Military Law
Top military lawyers are fired; will replacements allow more aggressive battlefield approach?
Secretary of Defense Pete Hegseth speaks during a press conference in Poland on Feb. 14. (Photo by Jakub Porzycki/NurPhoto via the Associated Press)
The secretary for the U.S. Department of Defense is looking for new judge advocates general for the Army, the Navy and the Air Force, he said in an announcement Friday.
Secretary of Defense Pete Hegseth fired the lawyers currently in those top JAG positions, the New York Times reports, representing “an opening salvo in his push to remake the military into a force that is more aggressive on the battlefield and potentially less hindered by the laws of armed conflict.”

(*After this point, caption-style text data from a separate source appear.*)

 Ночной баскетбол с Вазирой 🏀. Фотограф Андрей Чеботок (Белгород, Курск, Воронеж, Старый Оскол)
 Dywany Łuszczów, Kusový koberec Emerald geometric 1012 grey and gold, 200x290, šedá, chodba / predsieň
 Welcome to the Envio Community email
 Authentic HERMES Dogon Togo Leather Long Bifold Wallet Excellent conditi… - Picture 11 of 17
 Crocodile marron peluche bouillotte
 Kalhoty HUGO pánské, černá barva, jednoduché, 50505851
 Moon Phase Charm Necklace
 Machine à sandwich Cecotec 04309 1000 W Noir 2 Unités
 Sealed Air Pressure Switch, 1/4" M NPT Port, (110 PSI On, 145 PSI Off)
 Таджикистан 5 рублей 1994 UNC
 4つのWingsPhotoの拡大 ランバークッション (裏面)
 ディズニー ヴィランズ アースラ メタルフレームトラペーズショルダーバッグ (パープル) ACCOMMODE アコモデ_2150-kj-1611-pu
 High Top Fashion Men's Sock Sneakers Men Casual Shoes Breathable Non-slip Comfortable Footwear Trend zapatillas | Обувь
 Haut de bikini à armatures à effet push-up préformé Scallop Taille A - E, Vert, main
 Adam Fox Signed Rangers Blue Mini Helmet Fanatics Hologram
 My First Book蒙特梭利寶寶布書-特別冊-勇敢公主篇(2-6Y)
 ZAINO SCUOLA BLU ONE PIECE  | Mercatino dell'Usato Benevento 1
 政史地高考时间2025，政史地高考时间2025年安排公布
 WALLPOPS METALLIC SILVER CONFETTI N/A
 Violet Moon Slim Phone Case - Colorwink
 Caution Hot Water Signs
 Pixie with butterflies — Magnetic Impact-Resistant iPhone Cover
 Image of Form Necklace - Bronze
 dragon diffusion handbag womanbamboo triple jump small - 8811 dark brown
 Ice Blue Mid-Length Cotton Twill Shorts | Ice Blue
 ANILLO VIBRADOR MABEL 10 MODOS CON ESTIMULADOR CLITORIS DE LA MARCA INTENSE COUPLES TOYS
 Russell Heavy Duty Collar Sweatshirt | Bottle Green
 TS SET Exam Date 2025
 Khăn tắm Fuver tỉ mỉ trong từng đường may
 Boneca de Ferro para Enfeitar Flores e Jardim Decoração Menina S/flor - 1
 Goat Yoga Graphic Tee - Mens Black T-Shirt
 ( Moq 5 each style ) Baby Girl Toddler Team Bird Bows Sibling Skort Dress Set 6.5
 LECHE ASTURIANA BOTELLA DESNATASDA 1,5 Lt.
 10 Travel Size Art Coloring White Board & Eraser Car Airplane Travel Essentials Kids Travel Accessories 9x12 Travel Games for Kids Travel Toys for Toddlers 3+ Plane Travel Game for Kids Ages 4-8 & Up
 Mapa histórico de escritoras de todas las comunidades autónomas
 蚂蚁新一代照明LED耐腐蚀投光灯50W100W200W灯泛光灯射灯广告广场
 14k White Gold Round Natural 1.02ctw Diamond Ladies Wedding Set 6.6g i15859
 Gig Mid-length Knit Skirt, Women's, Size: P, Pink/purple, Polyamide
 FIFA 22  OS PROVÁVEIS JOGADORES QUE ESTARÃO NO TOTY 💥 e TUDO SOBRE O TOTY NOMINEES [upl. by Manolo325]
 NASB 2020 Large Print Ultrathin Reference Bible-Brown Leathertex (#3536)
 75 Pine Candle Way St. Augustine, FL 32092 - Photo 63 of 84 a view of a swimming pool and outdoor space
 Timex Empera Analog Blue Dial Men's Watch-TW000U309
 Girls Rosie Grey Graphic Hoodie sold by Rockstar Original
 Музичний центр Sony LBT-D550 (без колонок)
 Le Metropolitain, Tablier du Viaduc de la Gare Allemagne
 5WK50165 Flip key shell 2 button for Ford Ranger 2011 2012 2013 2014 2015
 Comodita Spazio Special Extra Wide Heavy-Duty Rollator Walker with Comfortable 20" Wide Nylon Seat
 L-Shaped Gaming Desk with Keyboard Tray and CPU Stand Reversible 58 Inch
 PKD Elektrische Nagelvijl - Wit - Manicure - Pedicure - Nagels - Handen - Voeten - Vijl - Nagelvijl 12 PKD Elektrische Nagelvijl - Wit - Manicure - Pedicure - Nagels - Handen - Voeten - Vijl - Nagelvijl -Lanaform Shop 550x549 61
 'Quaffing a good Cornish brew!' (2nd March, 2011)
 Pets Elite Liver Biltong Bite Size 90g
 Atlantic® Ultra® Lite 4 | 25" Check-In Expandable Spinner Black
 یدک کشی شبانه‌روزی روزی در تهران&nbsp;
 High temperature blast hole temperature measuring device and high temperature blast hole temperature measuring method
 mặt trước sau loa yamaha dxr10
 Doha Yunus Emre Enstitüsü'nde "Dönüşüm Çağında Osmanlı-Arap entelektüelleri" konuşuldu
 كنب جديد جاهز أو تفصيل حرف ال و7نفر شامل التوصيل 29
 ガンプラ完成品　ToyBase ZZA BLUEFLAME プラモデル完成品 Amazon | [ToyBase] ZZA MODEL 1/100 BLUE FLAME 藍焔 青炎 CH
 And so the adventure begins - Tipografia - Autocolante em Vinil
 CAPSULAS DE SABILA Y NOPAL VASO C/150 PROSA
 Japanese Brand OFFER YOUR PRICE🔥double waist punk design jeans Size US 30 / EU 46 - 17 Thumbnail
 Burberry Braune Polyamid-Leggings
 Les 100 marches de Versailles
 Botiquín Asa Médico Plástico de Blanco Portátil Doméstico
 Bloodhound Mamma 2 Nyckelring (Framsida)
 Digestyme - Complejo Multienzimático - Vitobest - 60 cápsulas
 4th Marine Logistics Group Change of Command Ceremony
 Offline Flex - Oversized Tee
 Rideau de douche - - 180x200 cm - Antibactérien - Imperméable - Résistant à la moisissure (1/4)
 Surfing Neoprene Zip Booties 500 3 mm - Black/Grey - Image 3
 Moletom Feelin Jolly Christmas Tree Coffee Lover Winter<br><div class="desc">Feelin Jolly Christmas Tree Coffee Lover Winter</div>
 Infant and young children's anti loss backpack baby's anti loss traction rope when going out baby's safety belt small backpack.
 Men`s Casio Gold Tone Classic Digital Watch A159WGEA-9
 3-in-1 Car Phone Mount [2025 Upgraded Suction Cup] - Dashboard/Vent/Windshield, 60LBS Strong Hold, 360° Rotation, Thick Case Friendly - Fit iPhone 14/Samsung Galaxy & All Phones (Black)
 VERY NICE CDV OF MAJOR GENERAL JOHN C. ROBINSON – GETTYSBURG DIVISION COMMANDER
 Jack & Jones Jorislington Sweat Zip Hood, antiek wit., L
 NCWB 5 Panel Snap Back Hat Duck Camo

Commenting Friday on X, formerly known as Twitter, Rosa Brooks, a professor at the Georgetown University Law Center, said firing the top lawyers is “what you do when you’re planning to break the law: You get rid of any lawyers who might try to slow you down.”
On Fox News Sunday, Hegseth was asked for his response to Brooks, report Law & Crime and the Daily Beast.
“We want lawyers who give sound constitutional advice and don’t exist to attempt to be roadblocks to anything that happens in their spots,” he said.
The New York Times identified the fired lawyers as Lt. Gen. Joseph B. Berger III, Air Force Lt. Gen. Charles Plummer and Rear Adm. Lia M. Reynolds.